Photographer, filmmaker, and author Gordon Parks grew up in St. Paul and returned to the Twin Cities in 1996 to be the subject of a Regis Dialogue and Retrospectives at the Walker, where he was joined onstage for a conversation with noted filmmaker and critic Susan Robeson. As we celebrate the 25th anniversary of the Dialogues series, we look back on Parks’s momentous return to the Twin Cities and his cultural legacy. Key to his practice was his commitment to global human rights, civil rights, and the arts as an avenue to address social conditions. These two events focus on his commitment to social justice.
Presented in collaboration with SoulTouch Productions, Twin Cities Black Journalists, and the National Association of Black Journalist’s Founders, in conjunction with the NABJ National Conference.
Solomon Northup’s Odyssey, 3 pm
Directed by Gordon Parks
Post-screening discussion with producer Shep Morgan
Nearly two decades before Steve McQueen premiered his adaptation of 12 Years a Slave, Gordon Parks had directed his own film of the same story of Solomon Northup, a free black man who was kidnapped into slavery in the mid-1800s. Parks’s version was produced for PBS’ American Playhouse series and included in his retrospective as part of his Regis Dialogue at Walker in 1996. 1984, video, 115 minutes.
Following the screening, join Shep Morgan for a discussion.

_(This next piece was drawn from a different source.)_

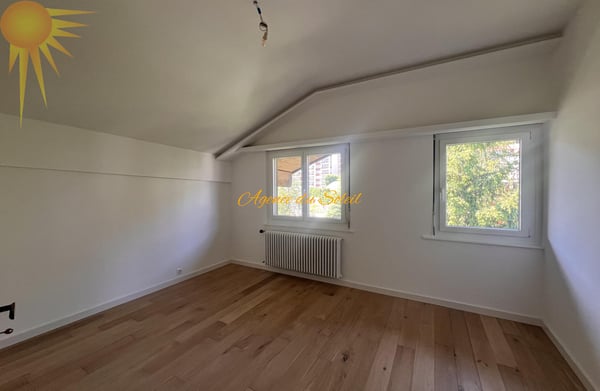 Magnifique appartement de 1.5 pièces en attique, totalement rénové en 2023 ! 12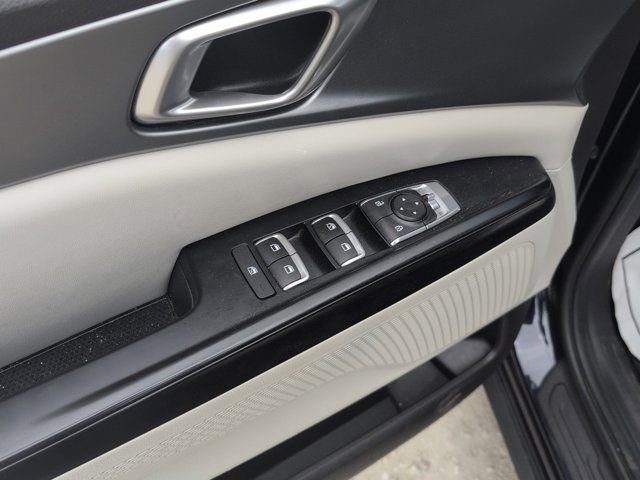 Used 2024 Kia Carnival LX image 13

Morgan has produced, written, and directed specials and series for NBC, CBS, and PBS as well as Westinghouse and Metromedia Television. He has won major awards in broadcasting, from a National Emmy for the controversial and critically applauded PBS series The Great American Dream Machine to the coveted George Foster Peabody Award for Bill Moyers Journal and the Golden Gate Award at the San Francisco Film Festival for Moments Without Proper Names, a documentary on the life and work of photographer/director and author Gordon Parks. Morgan has produced three dramas for the PBS American Playhouse series: Solomon Northup’s Odyssey, Denmark Vesey’s Rebellion, and Charlotte Forten’s Mission.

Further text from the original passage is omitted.